[Raw data — start]

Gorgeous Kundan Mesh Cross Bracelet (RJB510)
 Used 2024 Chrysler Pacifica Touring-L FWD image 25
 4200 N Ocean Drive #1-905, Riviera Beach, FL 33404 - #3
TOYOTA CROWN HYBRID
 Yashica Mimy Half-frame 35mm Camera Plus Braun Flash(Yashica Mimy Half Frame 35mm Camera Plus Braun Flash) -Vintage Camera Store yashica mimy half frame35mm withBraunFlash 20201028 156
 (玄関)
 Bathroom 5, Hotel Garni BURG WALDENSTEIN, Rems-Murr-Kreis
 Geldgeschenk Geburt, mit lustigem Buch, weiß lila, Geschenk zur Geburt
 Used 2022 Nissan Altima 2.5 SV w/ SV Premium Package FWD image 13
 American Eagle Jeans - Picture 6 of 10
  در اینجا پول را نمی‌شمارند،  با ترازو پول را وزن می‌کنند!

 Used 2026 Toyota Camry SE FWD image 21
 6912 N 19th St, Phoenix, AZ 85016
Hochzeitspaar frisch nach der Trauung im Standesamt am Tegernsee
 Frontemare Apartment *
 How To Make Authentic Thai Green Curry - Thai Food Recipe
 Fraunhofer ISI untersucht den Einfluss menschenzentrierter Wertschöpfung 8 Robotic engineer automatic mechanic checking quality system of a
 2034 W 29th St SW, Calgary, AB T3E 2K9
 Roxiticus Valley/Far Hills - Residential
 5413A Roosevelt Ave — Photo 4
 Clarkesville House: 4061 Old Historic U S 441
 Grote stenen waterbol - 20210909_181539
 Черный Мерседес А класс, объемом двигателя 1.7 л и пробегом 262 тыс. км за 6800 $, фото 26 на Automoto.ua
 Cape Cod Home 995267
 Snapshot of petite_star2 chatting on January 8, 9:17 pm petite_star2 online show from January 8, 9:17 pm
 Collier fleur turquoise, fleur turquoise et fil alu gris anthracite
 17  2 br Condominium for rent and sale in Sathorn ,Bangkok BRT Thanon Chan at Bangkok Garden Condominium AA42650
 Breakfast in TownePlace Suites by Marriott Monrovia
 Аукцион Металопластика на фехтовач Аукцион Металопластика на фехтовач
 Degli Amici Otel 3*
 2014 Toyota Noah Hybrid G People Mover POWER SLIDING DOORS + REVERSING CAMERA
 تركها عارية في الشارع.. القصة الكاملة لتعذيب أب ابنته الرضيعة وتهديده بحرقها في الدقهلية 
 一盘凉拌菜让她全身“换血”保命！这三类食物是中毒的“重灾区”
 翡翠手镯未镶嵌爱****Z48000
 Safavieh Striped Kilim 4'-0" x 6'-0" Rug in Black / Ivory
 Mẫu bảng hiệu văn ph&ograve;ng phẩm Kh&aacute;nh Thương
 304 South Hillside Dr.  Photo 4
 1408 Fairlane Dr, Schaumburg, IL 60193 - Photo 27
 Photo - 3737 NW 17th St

[Raw data — finish]

Once you have read the data above, print all of it again exactly.

Gorgeous Kundan Mesh Cross Bracelet (RJB510)
 Used 2024 Chrysler Pacifica Touring-L FWD image 25
 4200 N Ocean Drive #1-905, Riviera Beach, FL 33404 - #3
TOYOTA CROWN HYBRID
 Yashica Mimy Half-frame 35mm Camera Plus Braun Flash(Yashica Mimy Half Frame 35mm Camera Plus Braun Flash) -Vintage Camera Store yashica mimy half frame35mm withBraunFlash 20201028 156
 (玄関)
 Bathroom 5, Hotel Garni BURG WALDENSTEIN, Rems-Murr-Kreis
 Geldgeschenk Geburt, mit lustigem Buch, weiß lila, Geschenk zur Geburt
 Used 2022 Nissan Altima 2.5 SV w/ SV Premium Package FWD image 13
 American Eagle Jeans - Picture 6 of 10
  در اینجا پول را نمی‌شمارند،  با ترازو پول را وزن می‌کنند!

 Used 2026 Toyota Camry SE FWD image 21
 6912 N 19th St, Phoenix, AZ 85016
Hochzeitspaar frisch nach der Trauung im Standesamt am Tegernsee
 Frontemare Apartment *
 How To Make Authentic Thai Green Curry - Thai Food Recipe
 Fraunhofer ISI untersucht den Einfluss menschenzentrierter Wertschöpfung 8 Robotic engineer automatic mechanic checking quality system of a
 2034 W 29th St SW, Calgary, AB T3E 2K9
 Roxiticus Valley/Far Hills - Residential
 5413A Roosevelt Ave — Photo 4
 Clarkesville House: 4061 Old Historic U S 441
 Grote stenen waterbol - 20210909_181539
 Черный Мерседес А класс, объемом двигателя 1.7 л и пробегом 262 тыс. км за 6800 $, фото 26 на Automoto.ua
 Cape Cod Home 995267
 Snapshot of petite_star2 chatting on January 8, 9:17 pm petite_star2 online show from January 8, 9:17 pm
 Collier fleur turquoise, fleur turquoise et fil alu gris anthracite
 17  2 br Condominium for rent and sale in Sathorn ,Bangkok BRT Thanon Chan at Bangkok Garden Condominium AA42650
 Breakfast in TownePlace Suites by Marriott Monrovia
 Аукцион Металопластика на фехтовач Аукцион Металопластика на фехтовач
 Degli Amici Otel 3*
 2014 Toyota Noah Hybrid G People Mover POWER SLIDING DOORS + REVERSING CAMERA
 تركها عارية في الشارع.. القصة الكاملة لتعذيب أب ابنته الرضيعة وتهديده بحرقها في الدقهلية 
 一盘凉拌菜让她全身“换血”保命！这三类食物是中毒的“重灾区”
 翡翠手镯未镶嵌爱****Z48000
 Safavieh Striped Kilim 4'-0" x 6'-0" Rug in Black / Ivory
 Mẫu bảng hiệu văn ph&ograve;ng phẩm Kh&aacute;nh Thương
 304 South Hillside Dr.  Photo 4
 1408 Fairlane Dr, Schaumburg, IL 60193 - Photo 27
 Photo - 3737 NW 17th St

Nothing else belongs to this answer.